The scrapping of the Bill was the latest in a long line of changes, and added further evidence to the conclusion of the RSA’s Future Prison project that the potential impact that prisons could have on reducing reoffending and community safety can be undermined by a lack of consistent political leadership and clear purpose.
In this spirit, the current Lord Chancellor and Secretary of State for Justice, David Lidington’s article in the Evening Standard earlier this week is to be welcomed. It makes clear that some of the proposals included in the Prison Safety and Reform White Paper will still be delivered, albeit without legislation. The article includes a reference to the key-worker scheme, that is surely predicated on at least the 2,500 extra prison officers promised being in post and stemming the tide of exits from the front line. The latest MoJ workforce statistics published this week show this remains a significant challenge.
The Secretary of State also pledged that the Ministry of Justice will take the recommendations of reports made by the HMIP more seriously, setting up a new unit to ensure a “timely” response to reports and explain to the Inspectorate when they do not accept recommendations. While this is welcome, the aim must be for the unit to be able to generate local work with prison that provides the support and resources needed to implement recommendations as well as respond to issues that arise between inspections.
The RSA hopes that as part of strengthening the HMIP role, greater emphasis will be placed on leadership and culture. As David Lidington stressed, alongside technical help – drug detection dogs, more CCTV and mobile phone detectors – a hugely important factor is the extent to which prison officers are able to develop positive relationships, are well-trained and motivated. This is about numbers but it is also about recognising that the most important relationships people have when in prison – aside from loved ones – is with the officers on the wings. He was right to say that too few prisoners get the training and education that enable them to progress towards a more positive future, making it clear that his first priority is to improve safety and security, and then press ahead with prison reform.

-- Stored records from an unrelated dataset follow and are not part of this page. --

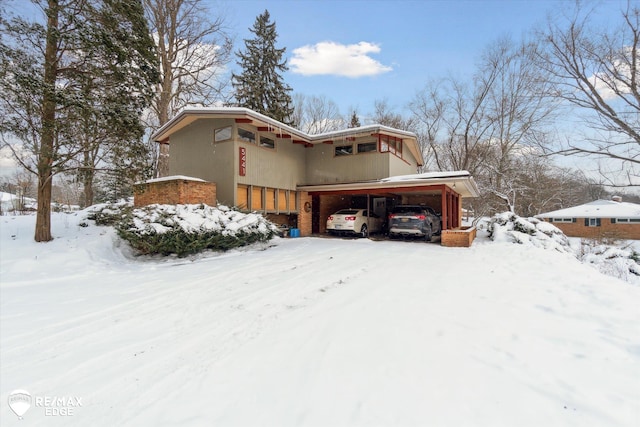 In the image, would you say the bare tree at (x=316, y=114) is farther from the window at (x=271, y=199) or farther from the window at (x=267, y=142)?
the window at (x=271, y=199)

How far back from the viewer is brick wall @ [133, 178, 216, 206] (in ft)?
30.2

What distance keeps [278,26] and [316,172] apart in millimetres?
16537

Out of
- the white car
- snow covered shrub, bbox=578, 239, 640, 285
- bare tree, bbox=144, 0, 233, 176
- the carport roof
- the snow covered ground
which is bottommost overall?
snow covered shrub, bbox=578, 239, 640, 285

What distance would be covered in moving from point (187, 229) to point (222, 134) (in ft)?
16.4

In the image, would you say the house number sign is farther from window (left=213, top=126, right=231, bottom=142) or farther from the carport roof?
the carport roof

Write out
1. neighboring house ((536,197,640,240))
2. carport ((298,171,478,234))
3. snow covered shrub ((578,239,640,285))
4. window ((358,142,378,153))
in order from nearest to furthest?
snow covered shrub ((578,239,640,285)) < carport ((298,171,478,234)) < window ((358,142,378,153)) < neighboring house ((536,197,640,240))

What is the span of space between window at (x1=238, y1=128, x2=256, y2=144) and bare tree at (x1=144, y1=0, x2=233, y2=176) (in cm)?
751

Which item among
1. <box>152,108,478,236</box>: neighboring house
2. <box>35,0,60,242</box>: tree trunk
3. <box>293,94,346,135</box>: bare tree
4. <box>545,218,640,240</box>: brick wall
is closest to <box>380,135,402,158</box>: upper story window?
<box>152,108,478,236</box>: neighboring house

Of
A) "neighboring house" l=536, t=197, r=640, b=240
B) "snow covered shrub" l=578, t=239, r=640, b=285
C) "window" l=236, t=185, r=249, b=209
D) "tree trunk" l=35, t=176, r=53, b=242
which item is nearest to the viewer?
"tree trunk" l=35, t=176, r=53, b=242

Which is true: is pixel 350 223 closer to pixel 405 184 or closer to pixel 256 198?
pixel 405 184

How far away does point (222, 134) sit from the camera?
10984mm

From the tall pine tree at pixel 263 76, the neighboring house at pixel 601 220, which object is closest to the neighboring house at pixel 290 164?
the tall pine tree at pixel 263 76

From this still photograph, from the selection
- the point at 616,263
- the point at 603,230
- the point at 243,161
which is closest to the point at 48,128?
the point at 243,161

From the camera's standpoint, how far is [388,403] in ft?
6.64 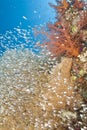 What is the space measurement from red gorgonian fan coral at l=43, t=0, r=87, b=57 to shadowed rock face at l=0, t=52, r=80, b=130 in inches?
24.5

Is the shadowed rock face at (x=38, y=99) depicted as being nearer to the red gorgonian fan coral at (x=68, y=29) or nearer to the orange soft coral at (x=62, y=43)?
the orange soft coral at (x=62, y=43)

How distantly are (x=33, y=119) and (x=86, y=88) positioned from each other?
2117mm

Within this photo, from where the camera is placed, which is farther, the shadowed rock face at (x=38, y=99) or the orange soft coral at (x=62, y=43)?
the orange soft coral at (x=62, y=43)

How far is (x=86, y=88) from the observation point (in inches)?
353

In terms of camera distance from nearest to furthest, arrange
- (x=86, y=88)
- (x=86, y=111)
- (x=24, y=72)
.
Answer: (x=86, y=111), (x=86, y=88), (x=24, y=72)

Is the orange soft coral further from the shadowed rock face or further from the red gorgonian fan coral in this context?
the shadowed rock face

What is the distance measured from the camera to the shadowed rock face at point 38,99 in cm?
823

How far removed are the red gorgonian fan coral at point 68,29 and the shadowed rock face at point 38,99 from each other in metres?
0.62

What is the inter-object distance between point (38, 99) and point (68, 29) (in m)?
2.90

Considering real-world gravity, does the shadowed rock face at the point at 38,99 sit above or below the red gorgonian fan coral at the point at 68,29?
below

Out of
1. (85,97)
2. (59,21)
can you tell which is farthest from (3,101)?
(59,21)

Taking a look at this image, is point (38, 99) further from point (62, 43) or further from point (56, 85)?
point (62, 43)

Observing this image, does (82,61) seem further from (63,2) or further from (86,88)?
(63,2)

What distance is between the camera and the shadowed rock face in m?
8.23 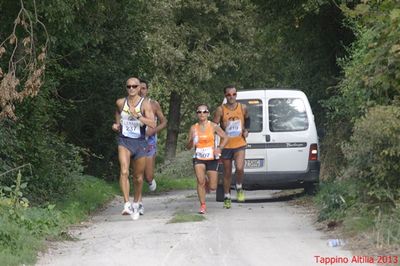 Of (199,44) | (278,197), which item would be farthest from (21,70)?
(199,44)

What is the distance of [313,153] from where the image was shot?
14.9m

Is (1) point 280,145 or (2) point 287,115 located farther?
(2) point 287,115

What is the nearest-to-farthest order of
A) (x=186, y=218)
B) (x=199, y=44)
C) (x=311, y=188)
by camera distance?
(x=186, y=218), (x=311, y=188), (x=199, y=44)

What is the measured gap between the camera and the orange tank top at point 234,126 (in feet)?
43.7

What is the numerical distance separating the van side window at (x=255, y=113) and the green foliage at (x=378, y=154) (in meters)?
5.18

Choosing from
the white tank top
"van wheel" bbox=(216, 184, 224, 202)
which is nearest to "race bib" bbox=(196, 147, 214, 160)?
the white tank top

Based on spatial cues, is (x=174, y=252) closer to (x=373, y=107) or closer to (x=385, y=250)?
(x=385, y=250)

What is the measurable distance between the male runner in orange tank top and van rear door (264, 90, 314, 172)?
1451 millimetres

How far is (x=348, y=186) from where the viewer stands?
419 inches

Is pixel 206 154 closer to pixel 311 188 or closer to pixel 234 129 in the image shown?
pixel 234 129

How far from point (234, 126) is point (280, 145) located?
1.86m

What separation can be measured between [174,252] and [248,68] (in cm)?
3051

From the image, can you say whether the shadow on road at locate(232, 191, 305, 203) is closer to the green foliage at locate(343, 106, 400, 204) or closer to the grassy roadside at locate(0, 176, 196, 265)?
the grassy roadside at locate(0, 176, 196, 265)

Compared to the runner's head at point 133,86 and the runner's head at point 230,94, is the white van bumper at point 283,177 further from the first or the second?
the runner's head at point 133,86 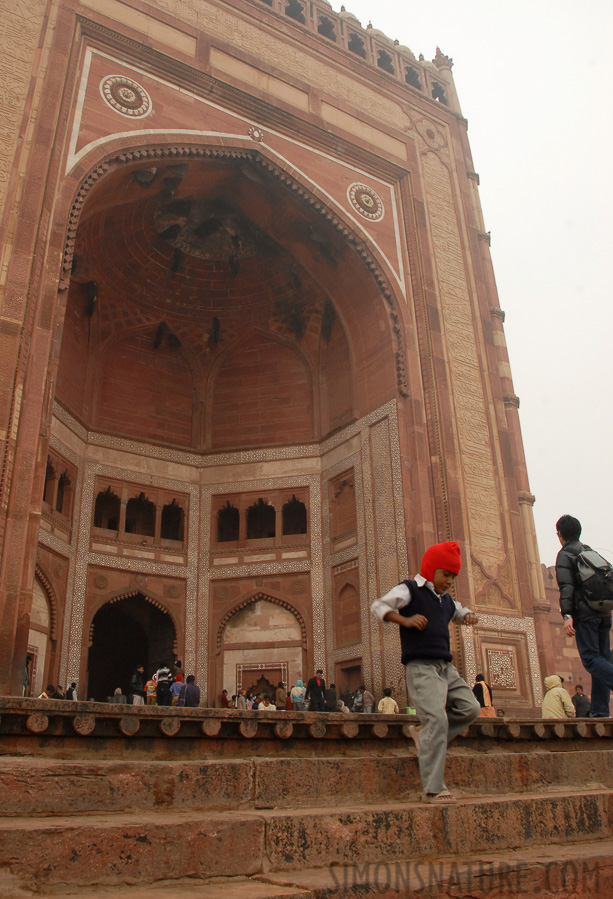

But the other – more complex story – is that for a range of reasons not all prisons are facing the same issues. Some prisons have been able to drive forward the reform agenda, embracing the government’s emphasis on greater local freedoms (even when, as the RSA’s work on the New Futures Network showed, they did not always feel clear about what is expected or are fully supported in doing this). So yes, as my colleague, Rachel O’Brien argued last week, we need both stability and reform, but we also need place-based approaches and a centre able to respond to different population and varying needs.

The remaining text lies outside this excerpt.